All of WM's kind of speech presented to this Usenet belong to the last form of misleading guided intuitions, and this argument is the main one that underneath his argument, and it is shown here clearly to be FALSE, it is a Pseudo-intuitive argument. Actually WM tries to convince us that it is formal, which is of course false, since he doesn't know how to discriminate between formal and intuitive arguments.
Similarly another person derived by misguided intuitions often perplexed by inadequate formalizations and concepts around those formalizations that are all erroneous is Ludovico Van.
AP on the other hand have arguments that are all full of fallacies and contradictions and they are actually premature and TRIVIALLY FALSE.

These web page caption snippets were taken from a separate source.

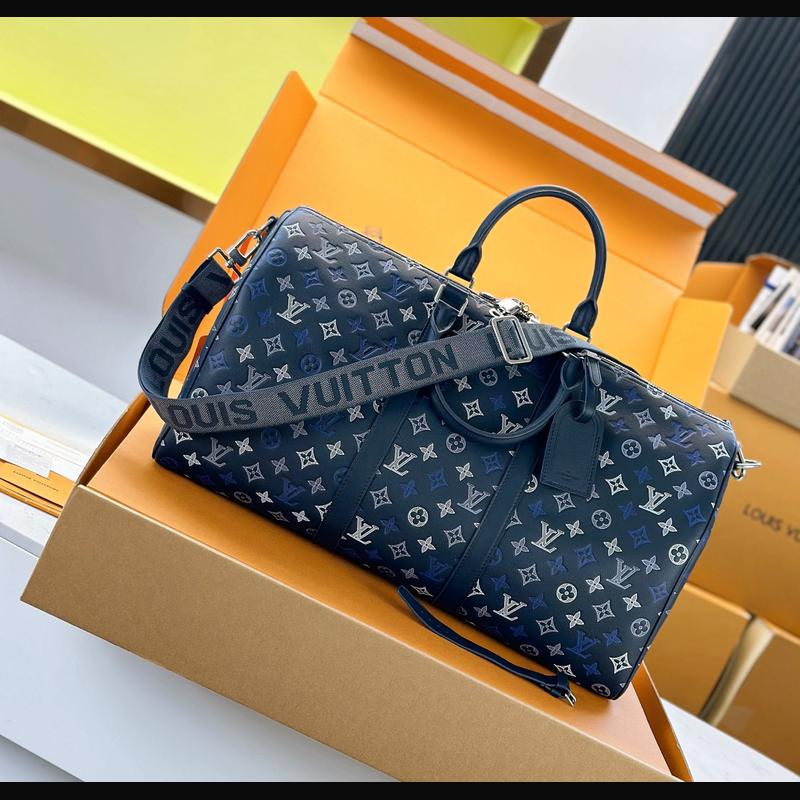 LV Keepall Bandoulière 50 M28836 · 海軍藍老花 複刻實拍圖 6
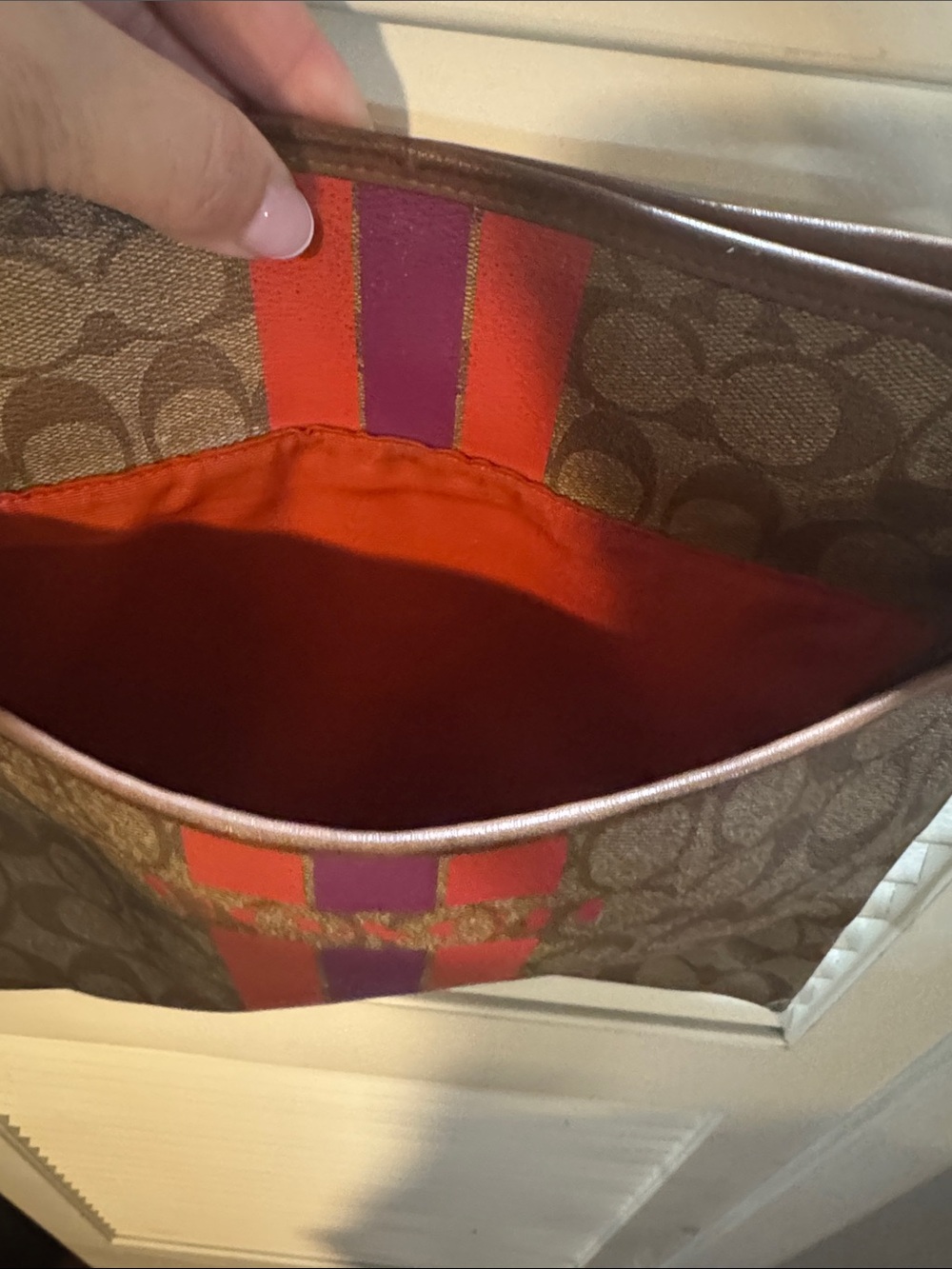 Coach Monogram Crossbody with Red and Pink Center Stripe - Picture 7 of 10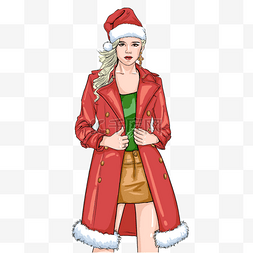 服装模特图片_圣诞节服装模特女孩红色绿色手绘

So far all arguments raised against Cantor in this Usenet are misguided, fallacious or premature (this includes some of my earlier arguments that I made against Cantor when I was less informed several years ago).
However it is a good exercise at least at intuitive level to present similes that enable us to counteract these misguided intuitions and fallacies, some of them are really not easy to see at intuitive level I mean.